Among the entries below, the lines from the one with "Western blot analysis of extracts of" up to and including the one with "Antibody used in" are to be restated exactly, without pictures.

----------------

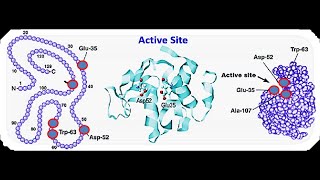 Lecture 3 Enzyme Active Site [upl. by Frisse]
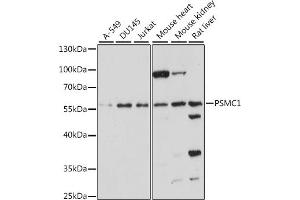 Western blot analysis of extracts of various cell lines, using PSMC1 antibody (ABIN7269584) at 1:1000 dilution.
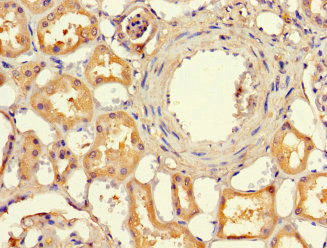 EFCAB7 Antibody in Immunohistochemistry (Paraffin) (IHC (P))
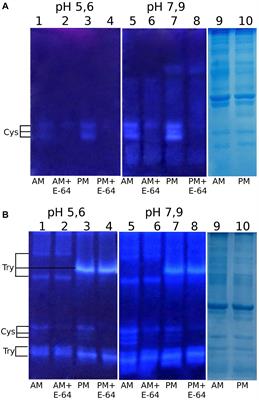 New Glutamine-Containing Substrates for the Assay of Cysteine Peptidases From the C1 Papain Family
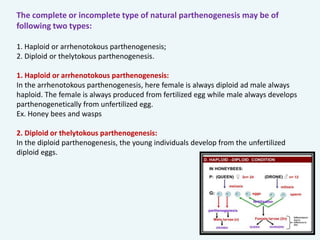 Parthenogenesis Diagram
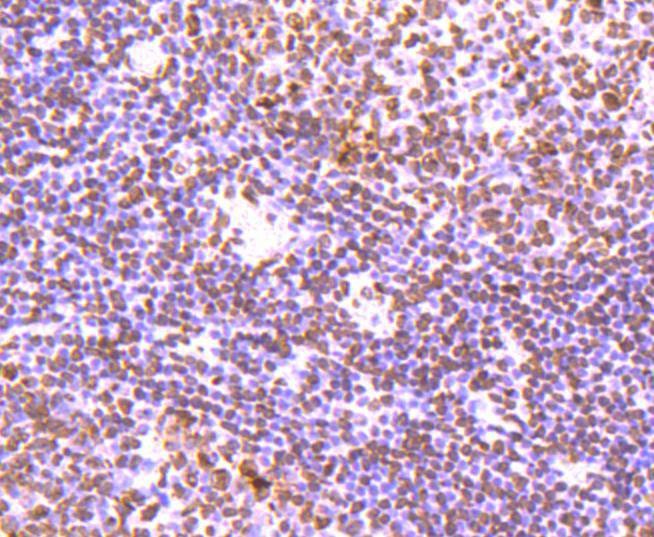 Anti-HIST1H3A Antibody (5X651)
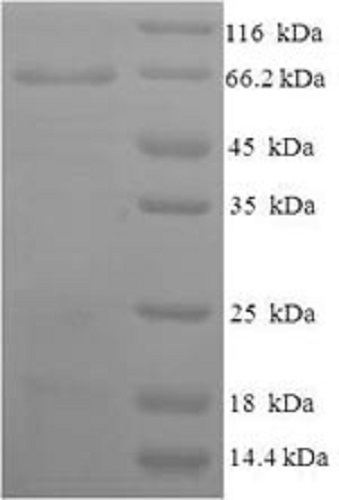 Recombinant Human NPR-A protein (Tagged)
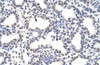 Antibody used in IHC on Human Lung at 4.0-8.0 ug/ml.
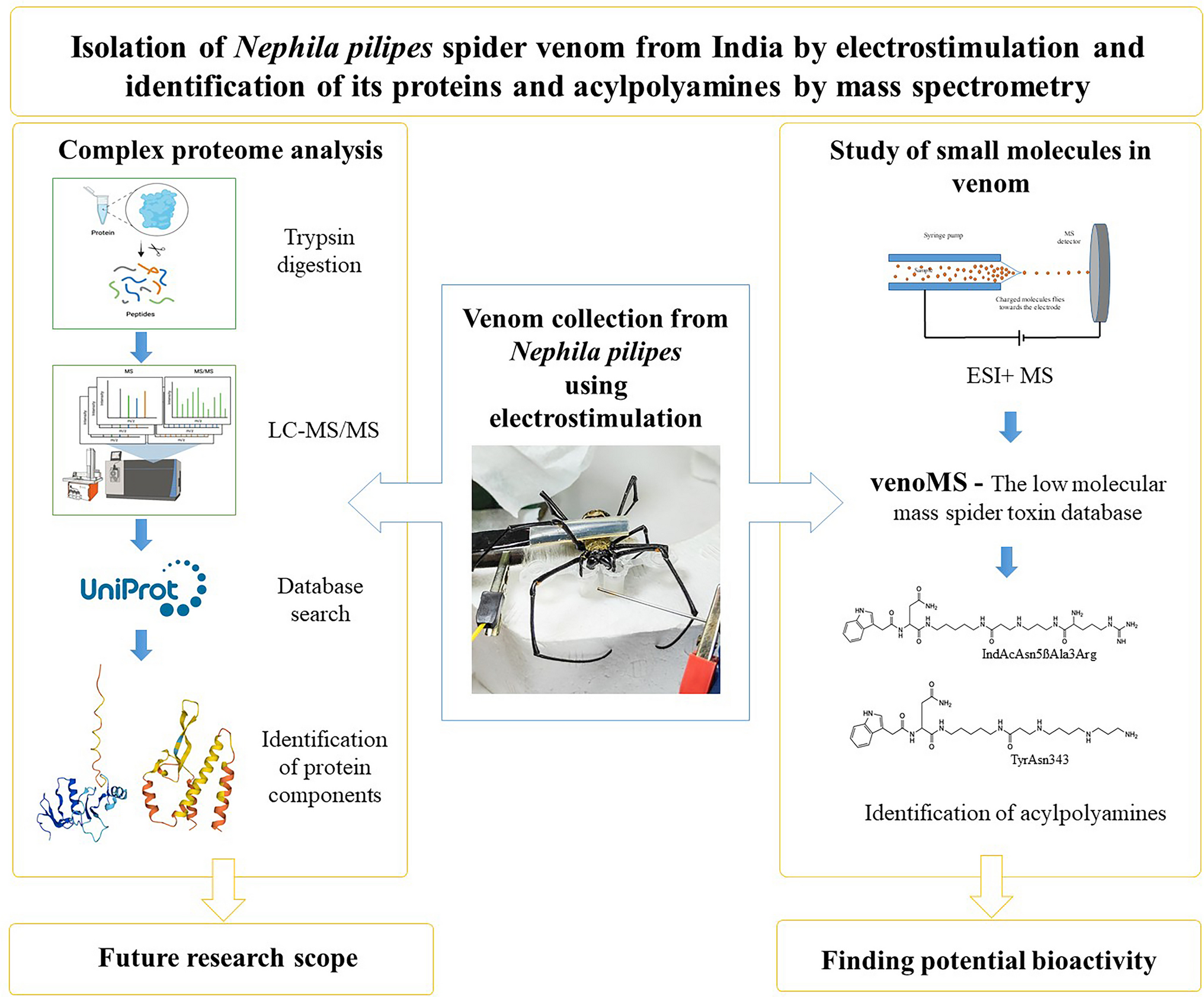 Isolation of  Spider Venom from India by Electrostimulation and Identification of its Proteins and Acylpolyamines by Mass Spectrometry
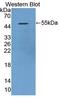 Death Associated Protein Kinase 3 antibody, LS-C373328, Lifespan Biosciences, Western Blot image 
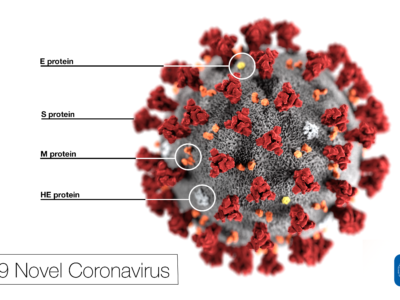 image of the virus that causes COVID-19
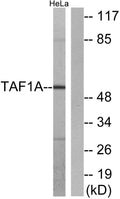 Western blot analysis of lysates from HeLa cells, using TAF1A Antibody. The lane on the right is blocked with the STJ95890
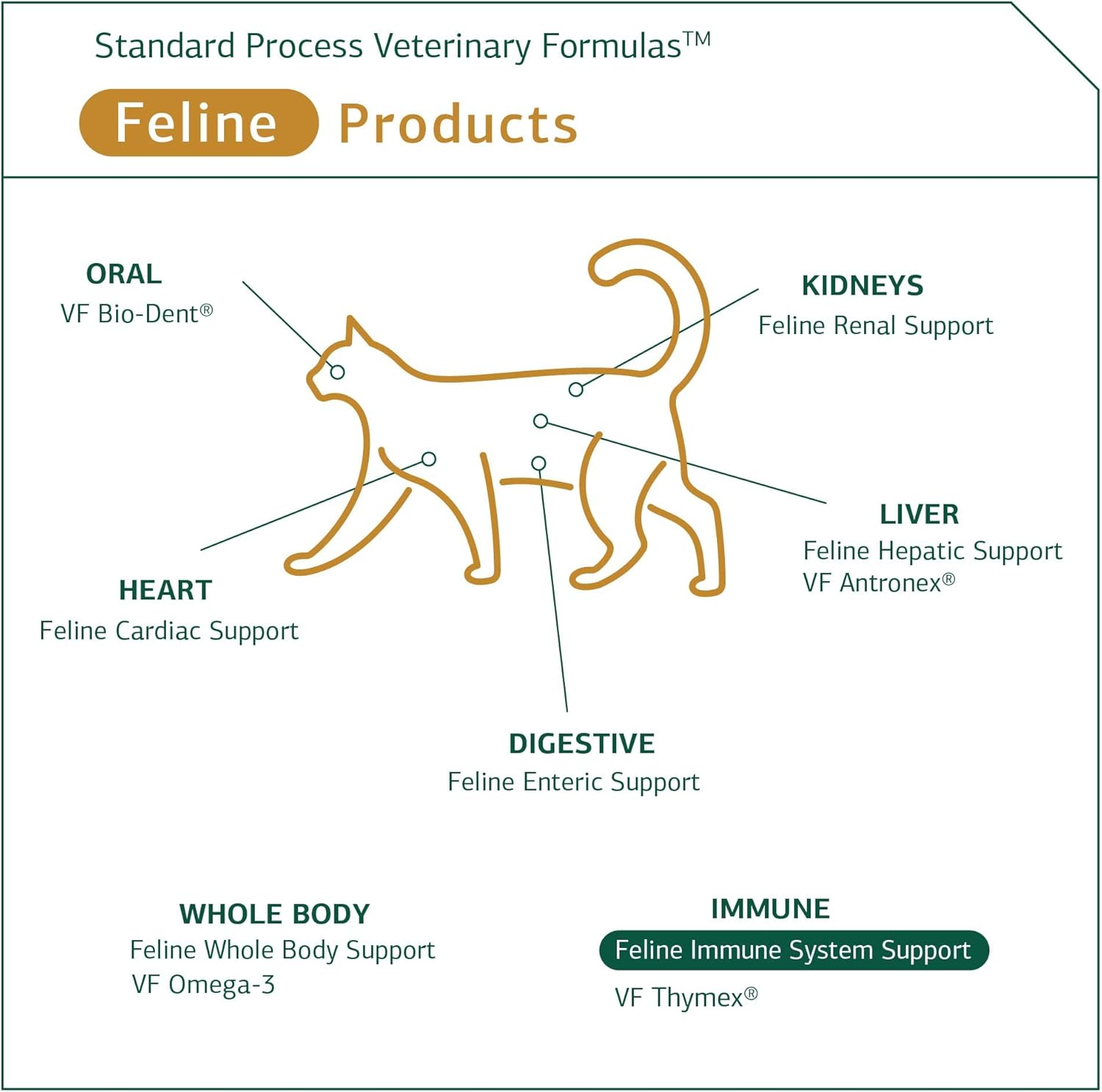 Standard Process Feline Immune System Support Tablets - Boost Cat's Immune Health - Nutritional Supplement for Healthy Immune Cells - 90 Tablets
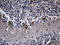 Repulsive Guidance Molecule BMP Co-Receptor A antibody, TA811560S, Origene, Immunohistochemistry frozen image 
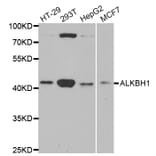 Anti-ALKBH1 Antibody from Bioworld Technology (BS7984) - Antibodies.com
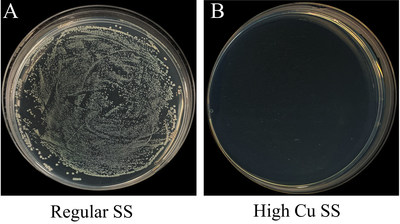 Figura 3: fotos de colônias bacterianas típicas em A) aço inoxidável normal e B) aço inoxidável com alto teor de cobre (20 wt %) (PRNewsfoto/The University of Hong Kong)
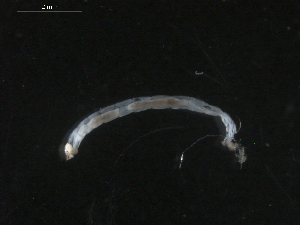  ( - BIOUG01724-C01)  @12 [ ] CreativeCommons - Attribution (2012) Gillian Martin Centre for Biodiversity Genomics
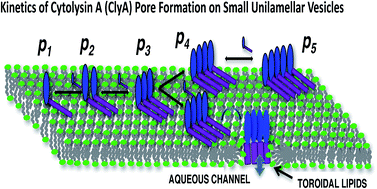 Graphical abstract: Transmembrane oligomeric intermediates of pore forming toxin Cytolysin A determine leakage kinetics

----------------

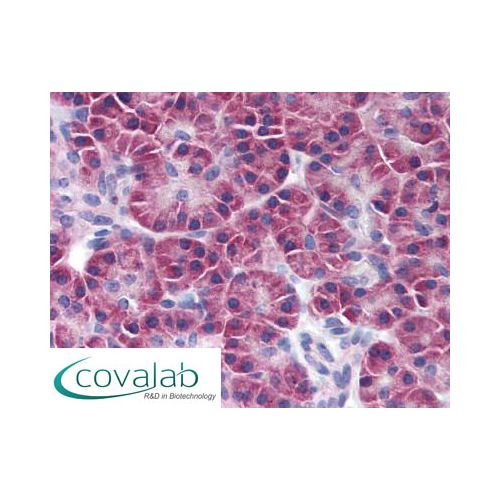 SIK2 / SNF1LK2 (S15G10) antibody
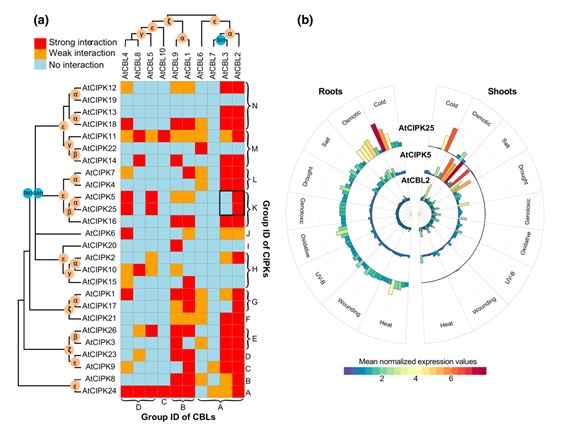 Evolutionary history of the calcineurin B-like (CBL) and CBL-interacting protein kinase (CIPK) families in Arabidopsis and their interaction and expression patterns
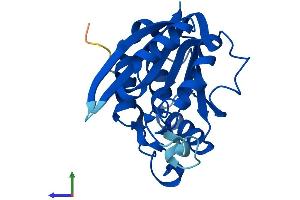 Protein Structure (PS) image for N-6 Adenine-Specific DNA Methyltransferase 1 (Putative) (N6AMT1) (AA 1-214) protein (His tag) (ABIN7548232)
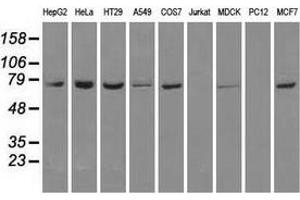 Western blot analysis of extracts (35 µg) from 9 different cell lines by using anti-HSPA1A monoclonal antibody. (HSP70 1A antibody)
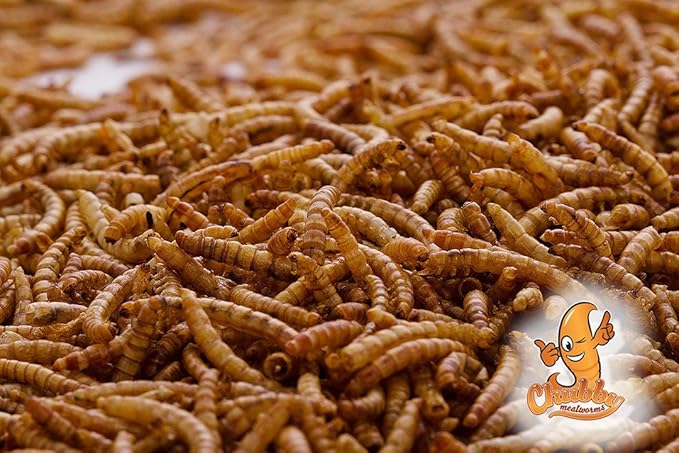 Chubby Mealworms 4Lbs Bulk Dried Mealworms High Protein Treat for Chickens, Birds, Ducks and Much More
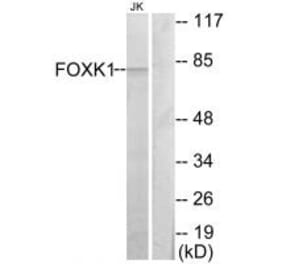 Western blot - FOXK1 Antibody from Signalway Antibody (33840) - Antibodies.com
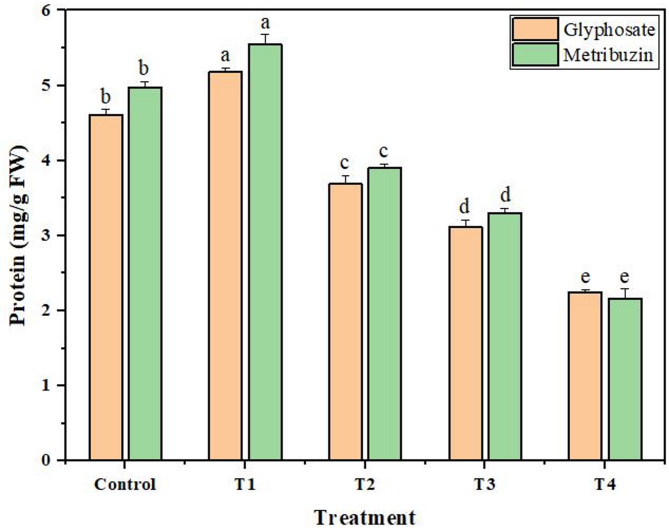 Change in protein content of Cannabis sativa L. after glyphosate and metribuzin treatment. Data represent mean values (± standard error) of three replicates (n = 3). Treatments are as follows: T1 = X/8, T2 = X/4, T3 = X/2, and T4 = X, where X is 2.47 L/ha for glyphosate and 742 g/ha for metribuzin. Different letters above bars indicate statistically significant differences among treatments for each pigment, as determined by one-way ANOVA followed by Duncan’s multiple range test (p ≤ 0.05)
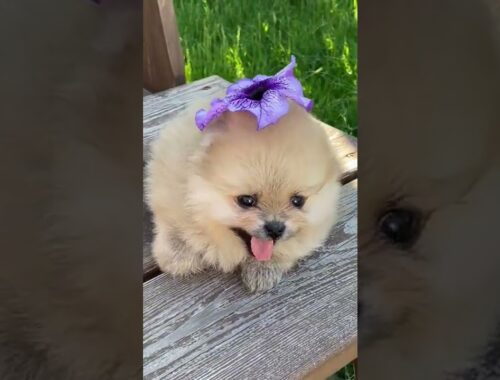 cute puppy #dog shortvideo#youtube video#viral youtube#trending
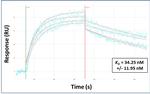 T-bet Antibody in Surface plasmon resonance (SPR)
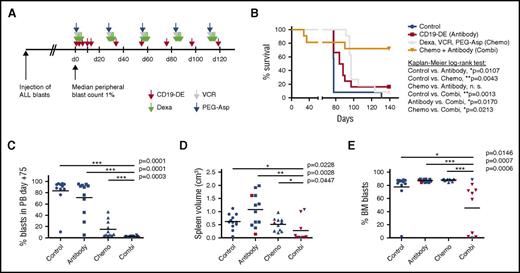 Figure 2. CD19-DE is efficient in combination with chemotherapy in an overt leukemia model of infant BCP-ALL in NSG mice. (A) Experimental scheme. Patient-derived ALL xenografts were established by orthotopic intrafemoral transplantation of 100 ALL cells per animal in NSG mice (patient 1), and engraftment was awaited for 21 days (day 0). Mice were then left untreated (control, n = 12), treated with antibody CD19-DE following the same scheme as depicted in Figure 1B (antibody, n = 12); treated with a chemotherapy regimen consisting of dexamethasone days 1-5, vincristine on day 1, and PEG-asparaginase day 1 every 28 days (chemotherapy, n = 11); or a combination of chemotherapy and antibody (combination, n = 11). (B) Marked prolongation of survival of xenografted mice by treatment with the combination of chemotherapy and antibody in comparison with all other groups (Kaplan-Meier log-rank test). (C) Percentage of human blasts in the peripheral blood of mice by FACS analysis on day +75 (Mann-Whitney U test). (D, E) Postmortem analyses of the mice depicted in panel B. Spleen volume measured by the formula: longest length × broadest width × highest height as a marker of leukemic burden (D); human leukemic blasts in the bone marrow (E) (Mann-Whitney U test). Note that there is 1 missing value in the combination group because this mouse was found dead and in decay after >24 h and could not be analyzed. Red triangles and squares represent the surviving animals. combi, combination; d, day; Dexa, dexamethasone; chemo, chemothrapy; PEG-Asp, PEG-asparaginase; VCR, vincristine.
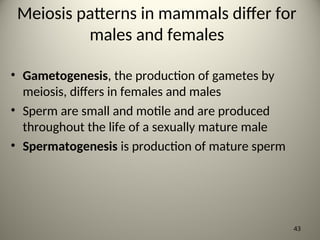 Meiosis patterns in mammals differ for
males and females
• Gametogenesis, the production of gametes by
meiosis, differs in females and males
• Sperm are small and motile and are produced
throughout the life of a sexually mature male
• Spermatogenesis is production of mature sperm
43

----------------

### Result of the task
 Western blot analysis of extracts of various cell lines, using PSMC1 antibody (ABIN7269584) at 1:1000 dilution.
 EFCAB7 Antibody in Immunohistochemistry (Paraffin) (IHC (P))
 New Glutamine-Containing Substrates for the Assay of Cysteine Peptidases From the C1 Papain Family
 Parthenogenesis Diagram
 Anti-HIST1H3A Antibody (5X651)
 Recombinant Human NPR-A protein (Tagged)
 Antibody used in IHC on Human Lung at 4.0-8.0 ug/ml.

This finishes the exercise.